There was a silent moment, Jim’s back to him, and for a long moment Artie was certain his partner wouldn’t answer.

"I don’t want to talk about it," Jim said, without turning round.

Artie took another mouthful of coffee and considered his options. If Jim didn’t want to talk, which he rarely did when things were uncomfortable in any way between them, then there was little he could do about that. He could wait to see if Jim’s attitude changed, but that might take a while, or he could try to put the clues together and figure out just what was going on that his taciturn partner didn’t want to let him in on.

"Of course," Artie said, watching Jim tense up a little as he tried to push a casual tone into his own voice. He was better at it than Jim was, more convincingly uncaring, and he was sure he hadn’t imagined the slight shift of muscles in Jim’s body as the tone hit home. "But you know where I am, if you change your mind," he continued, unwilling to play that particular role to the end. He had to let Jim off the hook, just a little, and watched his partner relax once more as he finished speaking.

He thought back over the past couple of missions, relatively straightforward for them; there was little doubt in Artie’s mind that their run-in with Loveless was the key to it all. He’d heard the little genius laying out his plan, in great detail, and it didn’t take another genius to figure out just how Loveless’ powder, so innocent looking, had affected James West. Artie had been able to put two and two together without a great deal of difficulty, though his partner had been characteristically reticent when it came to personal disclosures, and it was clear enough that he’d imagined some kind of encounter between the two of them that had ended badly. Fatally badly for one Artemus Gordon and not much better for the man who’d been convinced he’d murdered him.
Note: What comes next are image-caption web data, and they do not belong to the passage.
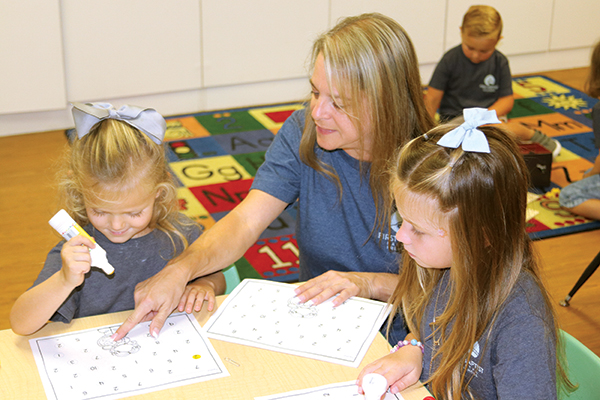 TRISHA MURPHY/Palatka Daily News – First Baptist Preschool director Michelle Hall works with Nora Waldron and Laira Grandy, both 4, on learning to spot the number 2 on Wednesday.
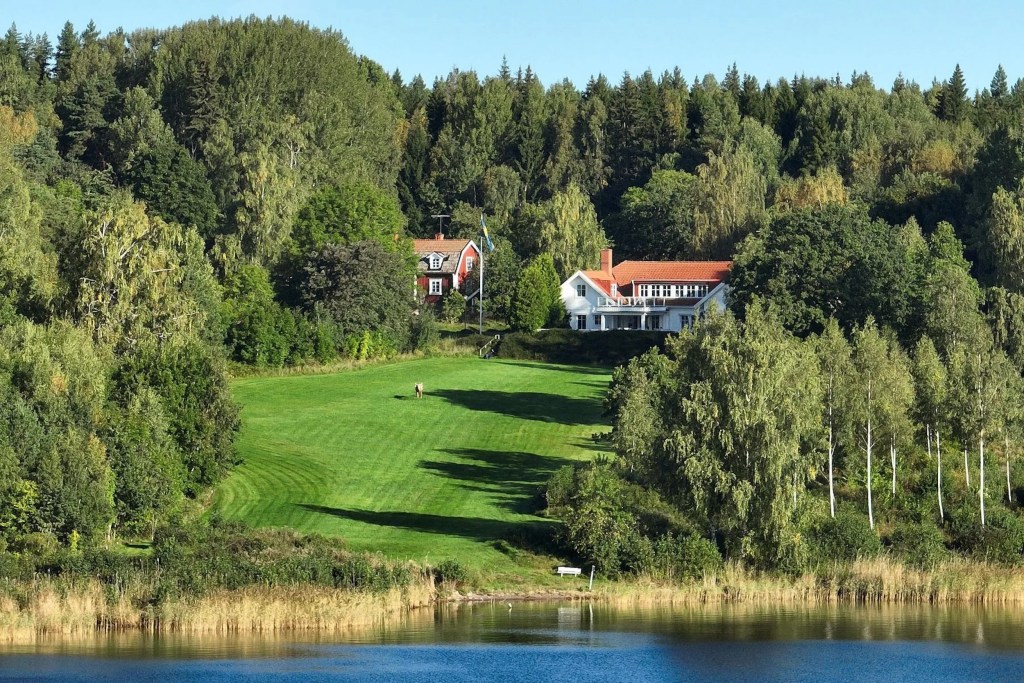 distant view of home in Stockholm with dock and waterfront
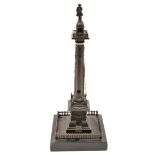 A bronze model of a column based on Trajan’s column in Rome, surmounted by a figure of Napoleon,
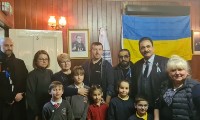 People with Ukrainian flag in the background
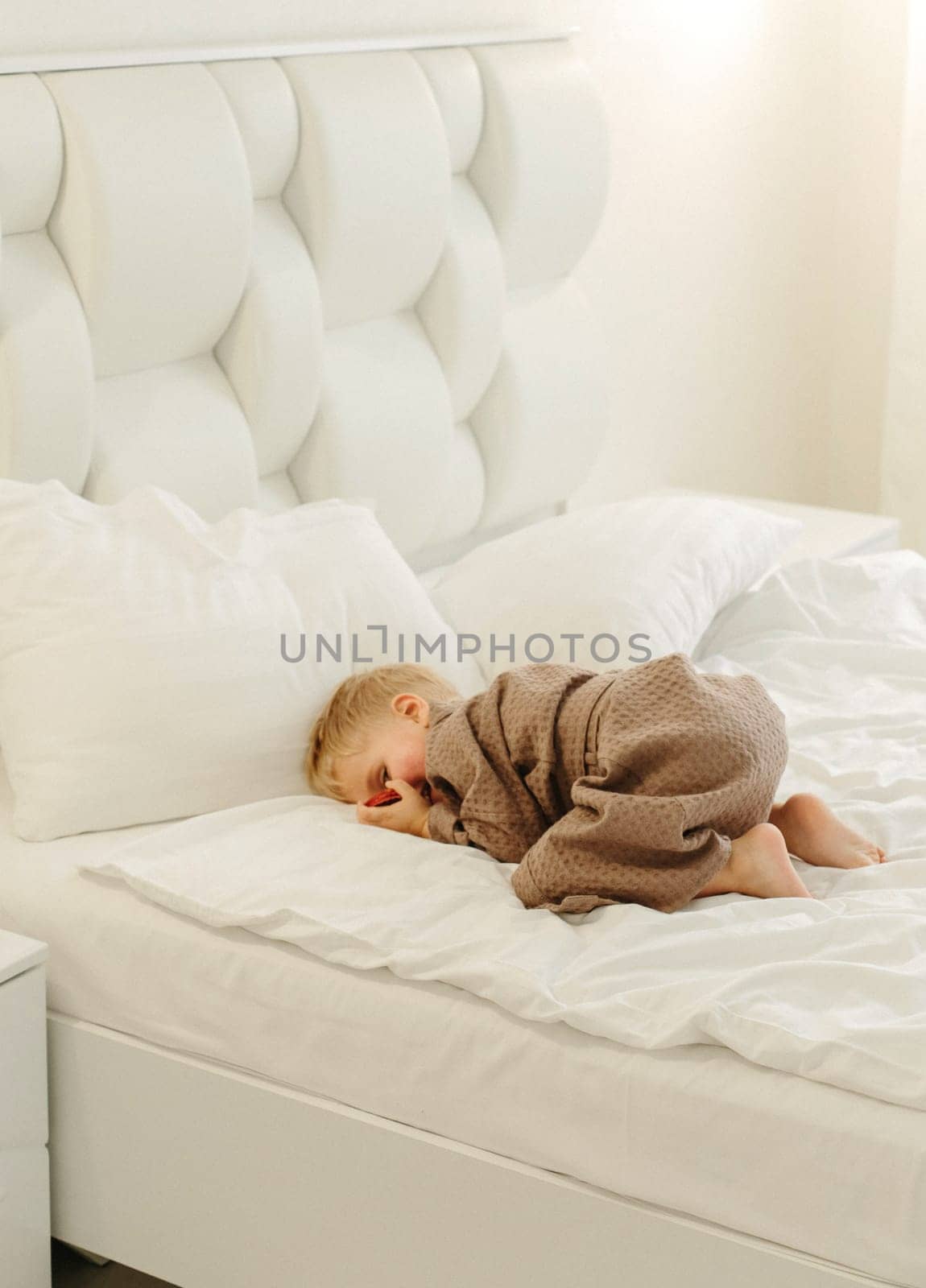 A boy in a brown bathrobe lies on a white bed, peeping through his hands. Vertical frame.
So what was happening now? A repeat performance? Artie considered that as he drank his coffee, keeping a weather eye on his unmoving partner. That seemed unlikely, since it had been a couple of weeks since Jim had been first affected and it was only recently that the nightmares had begun. He might have thought he was covering up what was going on, but if there was one downside of having an observant partner it was that it made it hard to hide when things weren’t going too well. And James West had an observant partner, whether he liked it or not.

When he thought about it, Artie realized he still had a sample of Loveless’ powder, one he’d picked up as they watched Loveless telling the ducks just how he planned to make the world safe for them again. He’d put it to one side in his laboratory, meaning to send it off with their report to Washington, but in the end he hadn’t done so. There was too much danger it would break on the way, forcing some poor messenger to experience what had almost driven Jim to the brink of madness, and that had been too dangerous a possibility to risk.

So he still had it, tucked away somewhere safe. It could yield answers, Artie was sure of that, answers he didn’t seem likely to get any other way.

*****

By the time Jim finished his coffee, Artie had left the room. They had time, at least, time to kill while they waited for their next assignment — a common state of affairs, waiting for the telegraph to begin chattering their instructions, sending them off to who knew where. But that was the life they’d chosen, both of them, and who was James West to quibble with that?

The thought of unknown dangers, waiting to be faced by himself and his partner, was starting to lose a little of its allure. It wasn’t so much for himself, Jim realized, but for Artie. Not that his partner was any damsel in distress who needed to be rescued, but the thought of the dangers they faced together on a regular basis was enough to make any man wonder, at least momentarily, whether the end results were worth the risk they took.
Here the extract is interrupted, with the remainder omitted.